Ia menyebutkan, peninjauan stok kebutuhan pokok terutama beras dilakukan untuk memberikan keyakinan kepada pasar dan masyarakat bahwa memang setiap saat diperlukan pasokan Bulog yang siap dikeluarkan.

"Biasanya kalau stok sedikit, akan muncul spekulasi di pasar sehingga harus dipastikan stok mencukupi," tuturnya.

Ia menyebutkan, dengan operasi pasar beras oleh Perum Bulog saat ini ada kecenderungan harga beras turun, apalagi nanti pada Maret saat panen raya.

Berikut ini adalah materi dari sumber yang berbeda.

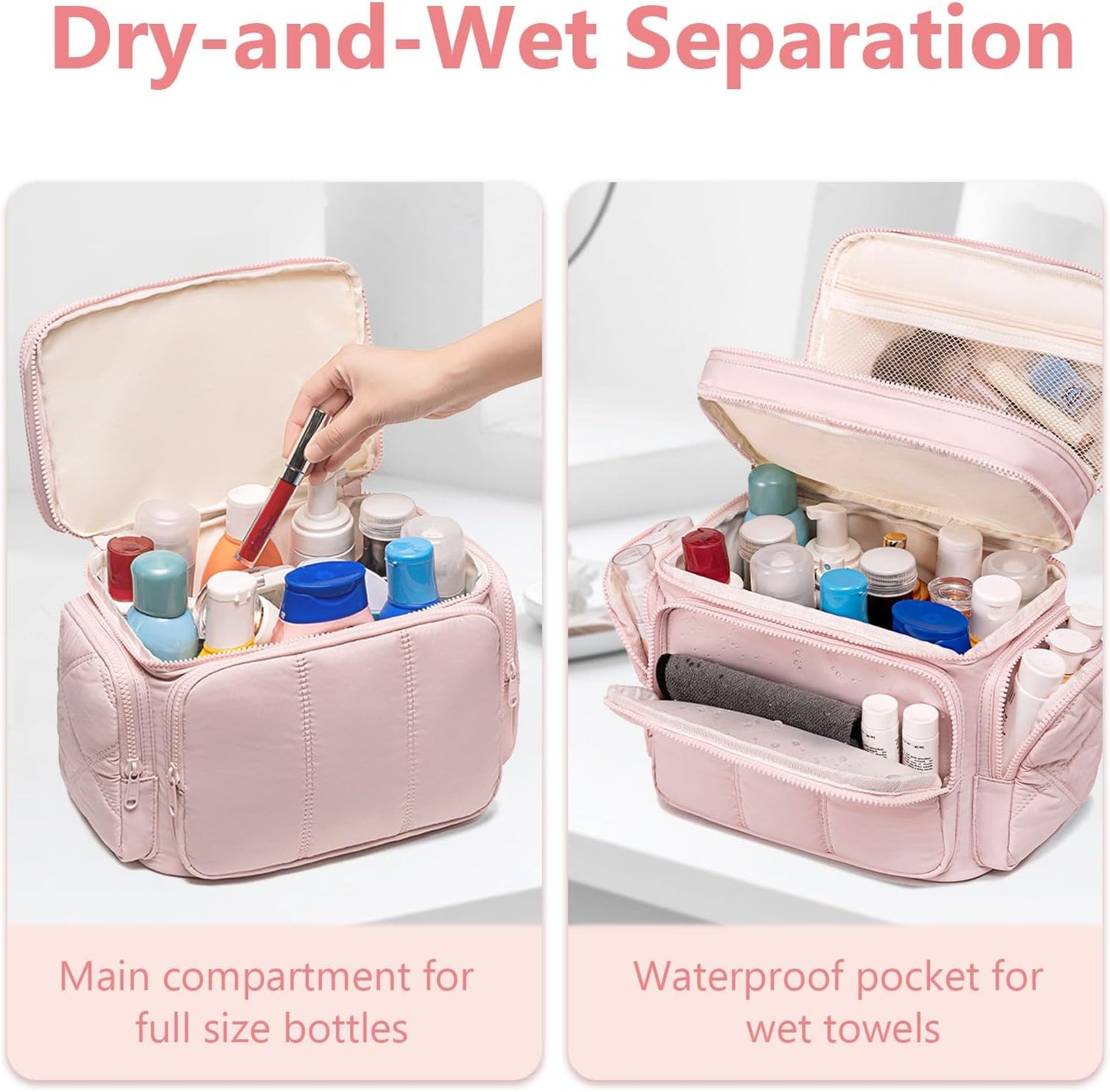 LEDAOU Toiletry Bag for Women,Quilted Travel Makeup Bag Organizer with Double Deck, Large Wide-open Cosmetic Make up Bag for Travel Essentials (Pink Puffy)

"Kalau mau turun drastis, stok dikeluarkan semua, tapi kan kita juga harus menjaga harga sehingga petani juga terlindungi. Perlu keseimbangan produksi dengan harga pasar, kalau harga terlalu turun nanti petani mengalami kerugian," ucapnya.

Ia juga berharap operasi pasar beras secara besar-besaran oleh Bulog saat ini juga untuk mempersiapkan perusahaan pelat merah ini agar dapat melakukan penyerapan beras petani saat panen raya mendatang.

Jokowi menyebutkan, stok beras pada akhir 2018 hingga awal 2019 mencapai 2,1 juta ton. "Biasanya pada akhir Desember, stok hanya 700.000-800.000 ton, tetapi pada akhir Desember 2018 hingga sekarang 2,1 juta ton. Ini memang besar, dulu kalau sudah Desember segini, ini masih banyak sekali," katanya sambil menunjuk tumpukan karung beras di belakangnya.

Menurut dia, stok yang ada harus digunakan untuk menjaga harga bahan pokok terutama beras bisa sedikit turun. "Saya dapat informasi dari Dirut Perum Bulog dan kemarin saya cek ke pasar sudah turun sekitar Rp50 per kg karena sudah beberapa hari ini Bulog melakukan operasi pasar besar-besaran untuk memberi suplai di pasar dan masyarakat," katanya.